Valerio Anziate (in latino Valerius Antias; Anzio, fine I secolo a.C. – ...) è stato uno storico romano.
Anziate scrisse alla fine del I secolo a.C., quanto meno fino al 78 a.C., ultima data ricavabile dai resti della sua opera.
Che fosse di nobile famiglia lo prova il fatto che, nella trattazione, cercava di glorificare più che altro le gesta della sua Gens Valeria. A lui, infatti, risalgono, almeno in gran parte, le falsificazioni, di cui abbonda la pseudostoria romana, a favore dei Valerî, delle quali si ha un buon saggio nella vita plutarchea di Valerio Publicola.
Valerio fu autore di un'opera voluminosa dal titolo di Annali (Annales) o Storie (ab urbe condita), in almeno 75 libri. Riprendendo la tradizione annalistica, egli si rifaceva dalla fondazione di Roma fino al 78 a.C. data della morte di Silla, seguendo, nello stesso tempo, la moda romanzesca della neoannalistica dell'epoca, come nel contemporaneo Quinto Claudio Quadrigario.
Infatti la sua opera, quasi tutta perduta tranne che brevi citazioni, era spesso corrotta da esagerazioni e falsificazioni sia nella narrazione dei fatti che nel numero[1], come nell'affermazione, giustamente ridicolizzata da Livio, che le vergini sabine erano esattamente sette.
In realtà, pare che dedicasse poco spazio alla storia arcaica, anche se delle 71 menzioni della sua opera nelle fonti, ben 67 lo citano per i tempi leggendari.

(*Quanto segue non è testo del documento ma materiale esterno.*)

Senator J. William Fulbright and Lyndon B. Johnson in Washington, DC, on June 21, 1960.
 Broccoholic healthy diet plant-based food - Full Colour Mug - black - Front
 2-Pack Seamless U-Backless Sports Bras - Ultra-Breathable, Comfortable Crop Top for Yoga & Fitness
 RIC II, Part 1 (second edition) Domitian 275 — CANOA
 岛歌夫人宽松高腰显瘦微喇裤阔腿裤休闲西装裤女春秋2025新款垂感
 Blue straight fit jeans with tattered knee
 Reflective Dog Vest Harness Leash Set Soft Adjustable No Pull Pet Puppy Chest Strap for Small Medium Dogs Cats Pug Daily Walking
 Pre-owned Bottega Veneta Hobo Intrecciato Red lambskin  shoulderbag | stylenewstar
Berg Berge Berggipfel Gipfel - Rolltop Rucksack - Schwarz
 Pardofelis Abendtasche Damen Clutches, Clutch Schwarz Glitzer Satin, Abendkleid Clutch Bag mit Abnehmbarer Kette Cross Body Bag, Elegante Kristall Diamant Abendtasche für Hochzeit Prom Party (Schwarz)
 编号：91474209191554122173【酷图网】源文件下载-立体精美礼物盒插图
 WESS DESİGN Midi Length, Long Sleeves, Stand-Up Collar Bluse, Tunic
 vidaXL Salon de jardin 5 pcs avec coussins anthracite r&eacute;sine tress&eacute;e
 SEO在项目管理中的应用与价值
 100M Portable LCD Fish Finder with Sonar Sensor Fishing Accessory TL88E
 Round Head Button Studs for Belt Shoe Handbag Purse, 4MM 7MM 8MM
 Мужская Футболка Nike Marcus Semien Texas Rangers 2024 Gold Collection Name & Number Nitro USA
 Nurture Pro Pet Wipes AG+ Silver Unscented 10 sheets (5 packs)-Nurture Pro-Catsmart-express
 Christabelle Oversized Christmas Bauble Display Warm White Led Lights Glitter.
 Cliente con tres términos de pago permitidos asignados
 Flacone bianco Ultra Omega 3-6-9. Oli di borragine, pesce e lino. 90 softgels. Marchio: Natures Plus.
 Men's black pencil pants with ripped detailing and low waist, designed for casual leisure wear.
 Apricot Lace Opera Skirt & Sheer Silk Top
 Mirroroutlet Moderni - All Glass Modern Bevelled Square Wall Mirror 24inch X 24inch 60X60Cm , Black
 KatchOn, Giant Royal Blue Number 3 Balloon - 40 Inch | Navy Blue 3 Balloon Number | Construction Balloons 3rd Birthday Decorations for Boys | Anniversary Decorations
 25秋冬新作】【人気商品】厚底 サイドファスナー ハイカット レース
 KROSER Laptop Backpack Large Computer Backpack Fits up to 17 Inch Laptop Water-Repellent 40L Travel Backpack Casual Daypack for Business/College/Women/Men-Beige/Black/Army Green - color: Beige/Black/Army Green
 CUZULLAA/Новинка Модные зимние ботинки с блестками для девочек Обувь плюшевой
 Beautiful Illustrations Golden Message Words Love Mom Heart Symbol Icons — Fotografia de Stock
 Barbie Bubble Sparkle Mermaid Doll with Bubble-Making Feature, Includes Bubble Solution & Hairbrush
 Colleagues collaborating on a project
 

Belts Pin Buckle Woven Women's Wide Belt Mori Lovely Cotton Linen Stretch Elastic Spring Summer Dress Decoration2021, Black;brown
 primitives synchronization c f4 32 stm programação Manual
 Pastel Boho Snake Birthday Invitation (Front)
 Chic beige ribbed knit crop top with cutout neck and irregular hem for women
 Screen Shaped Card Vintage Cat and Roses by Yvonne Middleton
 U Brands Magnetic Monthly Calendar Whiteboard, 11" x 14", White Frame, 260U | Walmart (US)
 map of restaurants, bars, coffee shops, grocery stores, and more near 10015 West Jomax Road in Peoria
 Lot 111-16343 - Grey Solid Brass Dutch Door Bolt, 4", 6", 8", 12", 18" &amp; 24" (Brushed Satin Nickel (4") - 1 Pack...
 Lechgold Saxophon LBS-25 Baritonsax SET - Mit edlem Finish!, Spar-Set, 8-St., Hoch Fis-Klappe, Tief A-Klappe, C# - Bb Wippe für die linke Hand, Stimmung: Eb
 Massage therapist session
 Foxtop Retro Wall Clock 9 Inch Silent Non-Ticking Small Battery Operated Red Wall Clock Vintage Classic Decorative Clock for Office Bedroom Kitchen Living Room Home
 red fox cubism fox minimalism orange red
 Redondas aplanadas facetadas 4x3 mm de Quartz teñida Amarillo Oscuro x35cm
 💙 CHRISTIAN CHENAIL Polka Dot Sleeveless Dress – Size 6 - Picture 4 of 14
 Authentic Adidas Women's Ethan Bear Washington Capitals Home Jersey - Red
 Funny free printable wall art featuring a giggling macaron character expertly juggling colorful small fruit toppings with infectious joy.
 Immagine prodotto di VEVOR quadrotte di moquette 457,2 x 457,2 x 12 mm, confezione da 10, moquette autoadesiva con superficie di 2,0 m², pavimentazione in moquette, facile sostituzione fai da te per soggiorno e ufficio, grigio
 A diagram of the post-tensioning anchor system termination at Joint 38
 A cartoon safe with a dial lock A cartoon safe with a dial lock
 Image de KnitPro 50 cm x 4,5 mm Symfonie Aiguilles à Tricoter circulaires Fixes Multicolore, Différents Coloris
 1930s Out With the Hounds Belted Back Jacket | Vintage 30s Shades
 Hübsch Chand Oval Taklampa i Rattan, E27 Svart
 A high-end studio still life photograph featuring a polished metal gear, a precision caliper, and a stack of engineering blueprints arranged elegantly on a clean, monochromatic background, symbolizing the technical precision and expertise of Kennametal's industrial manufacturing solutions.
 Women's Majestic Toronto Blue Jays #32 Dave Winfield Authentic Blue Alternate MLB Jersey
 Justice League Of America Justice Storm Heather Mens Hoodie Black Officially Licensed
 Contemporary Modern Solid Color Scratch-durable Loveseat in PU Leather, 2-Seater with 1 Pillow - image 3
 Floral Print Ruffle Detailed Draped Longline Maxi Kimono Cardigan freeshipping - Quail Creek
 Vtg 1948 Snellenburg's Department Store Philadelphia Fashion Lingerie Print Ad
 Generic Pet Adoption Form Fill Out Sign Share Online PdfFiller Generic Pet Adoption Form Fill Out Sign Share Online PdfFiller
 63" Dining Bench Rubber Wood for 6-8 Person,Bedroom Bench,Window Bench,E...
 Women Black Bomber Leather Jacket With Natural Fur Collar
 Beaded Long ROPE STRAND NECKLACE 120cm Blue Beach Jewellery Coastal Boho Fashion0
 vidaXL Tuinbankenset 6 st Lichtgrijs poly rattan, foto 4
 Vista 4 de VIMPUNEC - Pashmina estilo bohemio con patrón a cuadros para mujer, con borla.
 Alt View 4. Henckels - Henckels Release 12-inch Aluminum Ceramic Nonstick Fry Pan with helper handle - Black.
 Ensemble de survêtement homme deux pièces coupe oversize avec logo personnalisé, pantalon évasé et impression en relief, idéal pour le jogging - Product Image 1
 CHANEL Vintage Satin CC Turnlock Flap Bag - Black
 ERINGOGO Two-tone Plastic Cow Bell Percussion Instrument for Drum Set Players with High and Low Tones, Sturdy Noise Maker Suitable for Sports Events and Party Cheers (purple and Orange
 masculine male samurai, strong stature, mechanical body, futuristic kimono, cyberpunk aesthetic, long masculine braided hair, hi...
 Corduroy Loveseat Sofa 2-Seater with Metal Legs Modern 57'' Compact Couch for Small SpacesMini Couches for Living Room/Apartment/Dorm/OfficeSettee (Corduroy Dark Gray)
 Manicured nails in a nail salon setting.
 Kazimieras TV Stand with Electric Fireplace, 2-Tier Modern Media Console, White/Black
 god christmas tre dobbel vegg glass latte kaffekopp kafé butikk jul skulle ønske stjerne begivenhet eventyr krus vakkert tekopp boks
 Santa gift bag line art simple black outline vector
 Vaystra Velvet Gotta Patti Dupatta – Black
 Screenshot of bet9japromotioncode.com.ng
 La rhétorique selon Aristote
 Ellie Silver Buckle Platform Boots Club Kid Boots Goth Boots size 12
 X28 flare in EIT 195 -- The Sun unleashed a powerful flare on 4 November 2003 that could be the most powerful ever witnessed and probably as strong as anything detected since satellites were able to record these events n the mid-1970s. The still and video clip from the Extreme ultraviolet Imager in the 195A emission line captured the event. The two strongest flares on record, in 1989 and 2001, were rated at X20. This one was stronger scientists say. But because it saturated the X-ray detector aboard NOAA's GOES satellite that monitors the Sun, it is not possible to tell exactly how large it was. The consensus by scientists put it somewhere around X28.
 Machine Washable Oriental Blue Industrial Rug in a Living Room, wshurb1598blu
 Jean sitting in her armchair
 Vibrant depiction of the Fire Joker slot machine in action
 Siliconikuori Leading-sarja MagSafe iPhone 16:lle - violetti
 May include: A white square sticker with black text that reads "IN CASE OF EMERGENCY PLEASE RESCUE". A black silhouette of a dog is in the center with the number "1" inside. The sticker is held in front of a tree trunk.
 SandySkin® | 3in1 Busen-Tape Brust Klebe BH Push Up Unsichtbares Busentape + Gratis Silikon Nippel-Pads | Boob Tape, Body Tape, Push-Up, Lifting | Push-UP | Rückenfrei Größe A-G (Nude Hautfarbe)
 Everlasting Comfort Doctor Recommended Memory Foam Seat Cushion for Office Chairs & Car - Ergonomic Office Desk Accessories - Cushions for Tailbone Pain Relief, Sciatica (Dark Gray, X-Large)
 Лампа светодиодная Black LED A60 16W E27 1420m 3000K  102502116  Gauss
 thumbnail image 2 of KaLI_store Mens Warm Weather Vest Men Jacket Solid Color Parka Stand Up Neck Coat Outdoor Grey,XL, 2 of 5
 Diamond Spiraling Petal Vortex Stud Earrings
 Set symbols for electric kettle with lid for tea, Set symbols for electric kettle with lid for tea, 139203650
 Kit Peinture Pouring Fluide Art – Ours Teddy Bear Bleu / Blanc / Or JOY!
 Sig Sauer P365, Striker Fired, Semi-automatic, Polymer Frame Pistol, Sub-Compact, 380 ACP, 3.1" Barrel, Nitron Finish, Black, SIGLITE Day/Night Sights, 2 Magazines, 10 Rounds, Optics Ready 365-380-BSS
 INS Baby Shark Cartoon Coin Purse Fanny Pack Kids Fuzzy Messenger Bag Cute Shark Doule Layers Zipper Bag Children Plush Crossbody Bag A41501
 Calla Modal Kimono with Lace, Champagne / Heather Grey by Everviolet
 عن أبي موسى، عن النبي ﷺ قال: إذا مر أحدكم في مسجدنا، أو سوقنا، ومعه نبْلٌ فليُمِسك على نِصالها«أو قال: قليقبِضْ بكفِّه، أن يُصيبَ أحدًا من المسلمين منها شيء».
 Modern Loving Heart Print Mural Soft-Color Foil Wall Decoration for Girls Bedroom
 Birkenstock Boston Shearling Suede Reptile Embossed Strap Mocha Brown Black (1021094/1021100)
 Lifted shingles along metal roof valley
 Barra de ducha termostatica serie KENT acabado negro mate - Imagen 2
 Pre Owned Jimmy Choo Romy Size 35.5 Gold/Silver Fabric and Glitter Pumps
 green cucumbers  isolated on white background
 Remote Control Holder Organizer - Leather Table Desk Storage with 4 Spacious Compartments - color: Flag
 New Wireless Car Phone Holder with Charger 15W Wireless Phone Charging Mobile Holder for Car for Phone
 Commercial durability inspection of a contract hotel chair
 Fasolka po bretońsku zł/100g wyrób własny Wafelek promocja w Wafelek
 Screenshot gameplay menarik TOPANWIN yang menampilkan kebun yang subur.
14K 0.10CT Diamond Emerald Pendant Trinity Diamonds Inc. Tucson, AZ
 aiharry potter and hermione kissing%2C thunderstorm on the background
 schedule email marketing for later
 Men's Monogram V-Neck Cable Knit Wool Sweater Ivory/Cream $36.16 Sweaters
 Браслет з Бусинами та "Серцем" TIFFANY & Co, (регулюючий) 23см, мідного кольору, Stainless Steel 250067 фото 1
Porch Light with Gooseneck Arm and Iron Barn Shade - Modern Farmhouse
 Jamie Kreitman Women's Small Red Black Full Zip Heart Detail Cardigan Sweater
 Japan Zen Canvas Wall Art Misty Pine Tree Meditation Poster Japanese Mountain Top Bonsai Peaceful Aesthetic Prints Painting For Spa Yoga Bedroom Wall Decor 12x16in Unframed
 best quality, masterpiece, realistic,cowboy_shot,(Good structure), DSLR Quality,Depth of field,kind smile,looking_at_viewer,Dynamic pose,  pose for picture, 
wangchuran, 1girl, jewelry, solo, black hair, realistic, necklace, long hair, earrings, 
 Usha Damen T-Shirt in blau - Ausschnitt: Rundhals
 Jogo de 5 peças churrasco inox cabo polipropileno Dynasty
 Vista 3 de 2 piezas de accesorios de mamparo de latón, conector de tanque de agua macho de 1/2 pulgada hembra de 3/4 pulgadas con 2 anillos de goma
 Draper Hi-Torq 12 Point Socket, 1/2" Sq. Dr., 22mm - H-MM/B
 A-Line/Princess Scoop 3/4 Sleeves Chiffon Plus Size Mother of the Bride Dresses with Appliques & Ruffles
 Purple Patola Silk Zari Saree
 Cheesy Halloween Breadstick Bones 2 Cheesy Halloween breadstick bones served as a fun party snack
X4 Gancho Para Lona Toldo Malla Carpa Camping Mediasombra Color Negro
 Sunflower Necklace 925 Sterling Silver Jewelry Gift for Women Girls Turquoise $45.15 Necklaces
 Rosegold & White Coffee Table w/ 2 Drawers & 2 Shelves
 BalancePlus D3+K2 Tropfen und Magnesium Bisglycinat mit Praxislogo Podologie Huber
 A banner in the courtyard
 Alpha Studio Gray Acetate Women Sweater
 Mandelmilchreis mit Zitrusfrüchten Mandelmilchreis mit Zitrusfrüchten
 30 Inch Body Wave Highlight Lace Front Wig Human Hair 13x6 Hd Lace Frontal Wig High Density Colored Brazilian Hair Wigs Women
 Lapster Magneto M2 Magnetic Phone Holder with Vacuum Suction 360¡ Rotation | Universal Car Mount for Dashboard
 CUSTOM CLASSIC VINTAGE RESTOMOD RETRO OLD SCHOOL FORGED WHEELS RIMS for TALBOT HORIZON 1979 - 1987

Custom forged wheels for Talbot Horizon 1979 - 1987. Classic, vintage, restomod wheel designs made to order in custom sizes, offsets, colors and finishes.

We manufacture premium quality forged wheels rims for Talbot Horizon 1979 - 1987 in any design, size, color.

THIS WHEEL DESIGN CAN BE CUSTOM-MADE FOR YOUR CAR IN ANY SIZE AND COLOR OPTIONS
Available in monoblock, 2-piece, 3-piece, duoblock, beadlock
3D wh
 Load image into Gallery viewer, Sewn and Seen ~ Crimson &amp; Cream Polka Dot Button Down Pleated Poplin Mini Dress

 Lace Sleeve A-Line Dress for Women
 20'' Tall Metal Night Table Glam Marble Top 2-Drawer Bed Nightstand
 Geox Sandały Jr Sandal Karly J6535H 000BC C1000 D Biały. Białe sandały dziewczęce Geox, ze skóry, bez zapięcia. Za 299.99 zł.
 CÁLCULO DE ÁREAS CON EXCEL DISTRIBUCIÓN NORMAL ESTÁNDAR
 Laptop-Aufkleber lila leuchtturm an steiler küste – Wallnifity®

Per i caratteri romanzeschi e le cifre iperboliche, Anziate fu molto criticato da Tito Livio, che ne utilizzò, comunque, l'opera in modo abbastanza ampio. Da ciò spesso molti errori di Livio mutuati da Anziate, come, in anni in cui altre fonti greche e latine tacciono, pone battaglie con enormi numeri di caduti.